YOUR TASK: From the listing below, output only the lines starting at the line that has "Used Chevrolet Cruze" and ending at the line that has "Thumbnail: 2018 Chevrolet Volt - 5", exactly as they appear, ends included.

GIVEN RECORDS:

===

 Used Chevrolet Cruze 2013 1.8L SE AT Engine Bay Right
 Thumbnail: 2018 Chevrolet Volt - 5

===

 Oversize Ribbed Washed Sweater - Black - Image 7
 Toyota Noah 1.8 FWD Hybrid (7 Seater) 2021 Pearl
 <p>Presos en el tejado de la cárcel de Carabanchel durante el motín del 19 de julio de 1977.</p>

===

EXERCISE RESPONSE:
 Used Chevrolet Cruze 2013 1.8L SE AT Engine Bay Right
 Thumbnail: 2018 Chevrolet Volt - 5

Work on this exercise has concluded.